# [LISTED ENTRIES]
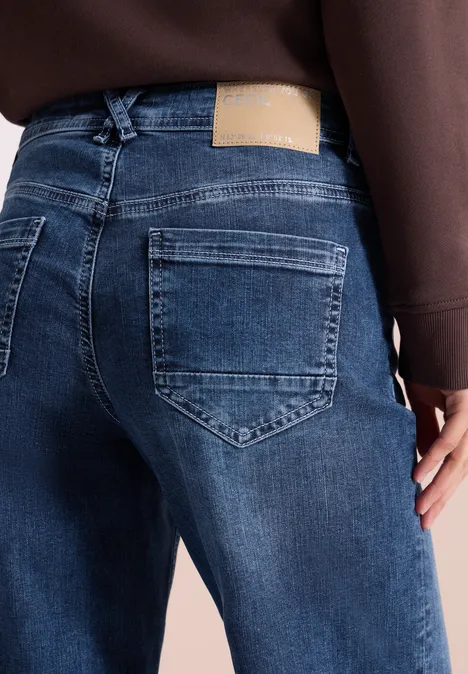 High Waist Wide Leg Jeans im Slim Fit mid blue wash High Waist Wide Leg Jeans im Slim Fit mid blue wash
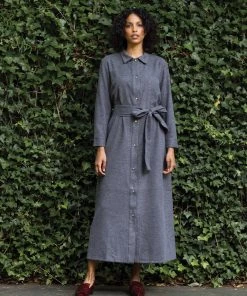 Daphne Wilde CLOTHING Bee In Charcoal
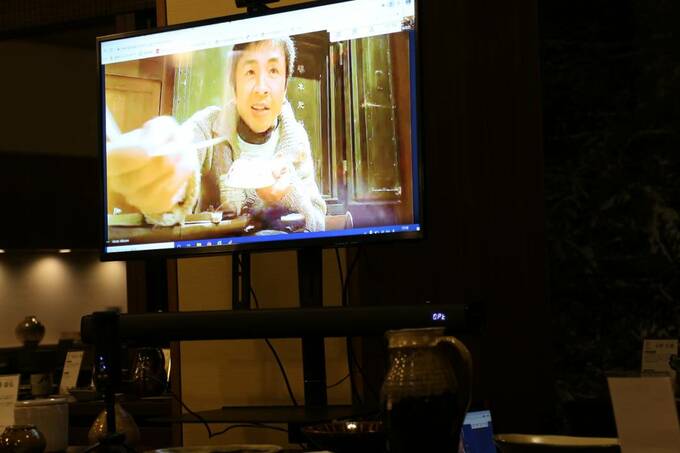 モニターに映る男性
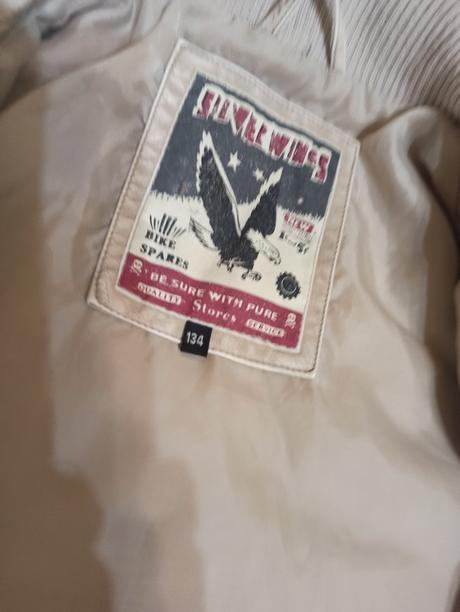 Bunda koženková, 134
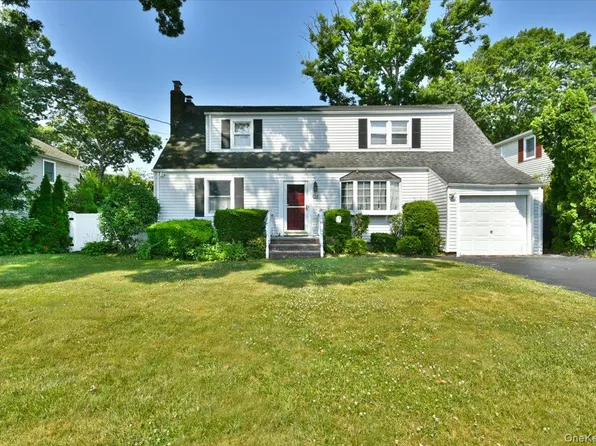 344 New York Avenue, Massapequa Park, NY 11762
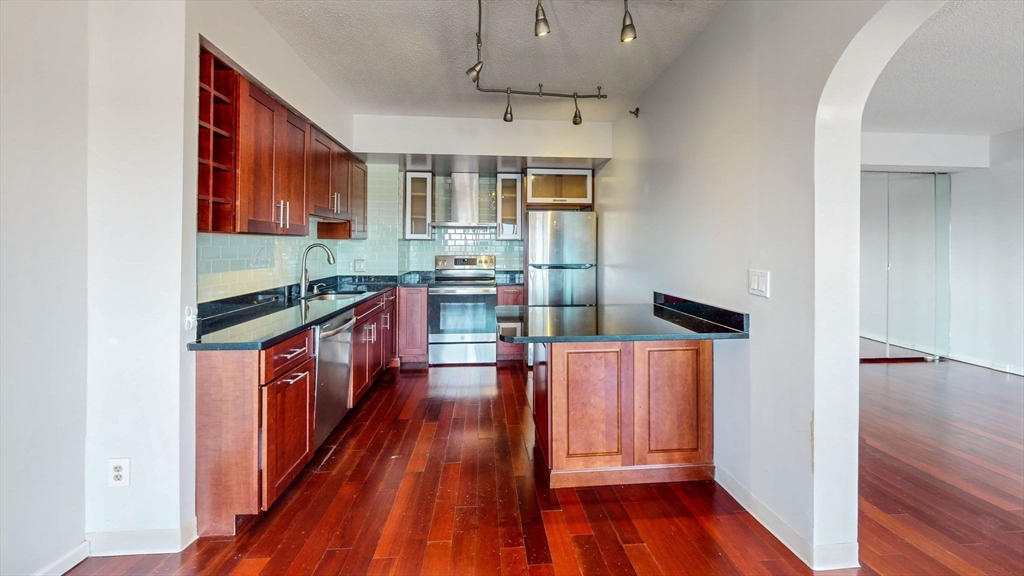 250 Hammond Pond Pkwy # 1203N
---
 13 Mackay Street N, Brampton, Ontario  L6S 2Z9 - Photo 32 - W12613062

# [PROBLEM DETAILS]
No picture is to be printed. Output exactly the lines above from the line containing "blue wash High" through the line containing "250 Hammond Pond Pkwy # 1203N".

# [RESULT BELOW]
 High Waist Wide Leg Jeans im Slim Fit mid blue wash High Waist Wide Leg Jeans im Slim Fit mid blue wash
 Daphne Wilde CLOTHING Bee In Charcoal
 モニターに映る男性
 Bunda koženková, 134
 344 New York Avenue, Massapequa Park, NY 11762
 250 Hammond Pond Pkwy # 1203N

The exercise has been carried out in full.